Task objective -
Reproduction of part of the material below, pictures omitted: copy exactly, and only, the lines starting with the one with "Xmas Schwarz-Weiß-Moderne Muster" and going on through the one with "Amazing Spider-Man 233 1982 Marvel Comics".

Data excerpts -
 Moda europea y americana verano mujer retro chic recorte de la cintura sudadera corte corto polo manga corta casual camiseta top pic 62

--

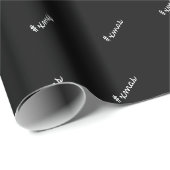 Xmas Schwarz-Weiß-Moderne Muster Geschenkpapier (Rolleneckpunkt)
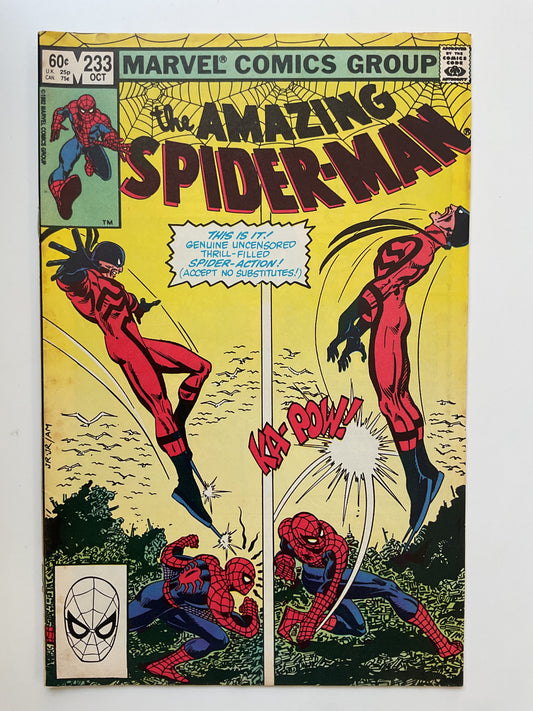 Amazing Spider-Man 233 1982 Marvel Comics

* * *

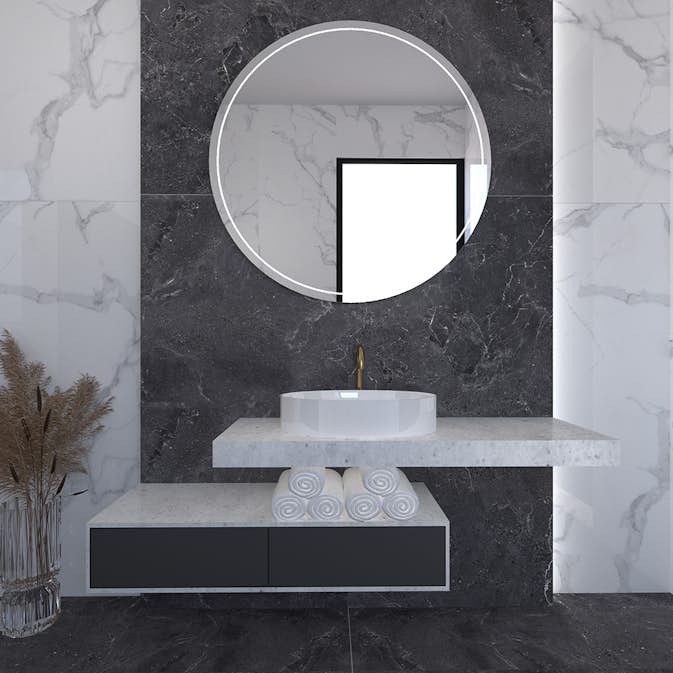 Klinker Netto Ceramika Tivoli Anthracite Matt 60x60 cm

Answer area -
 Xmas Schwarz-Weiß-Moderne Muster Geschenkpapier (Rolleneckpunkt)
 Amazing Spider-Man 233 1982 Marvel Comics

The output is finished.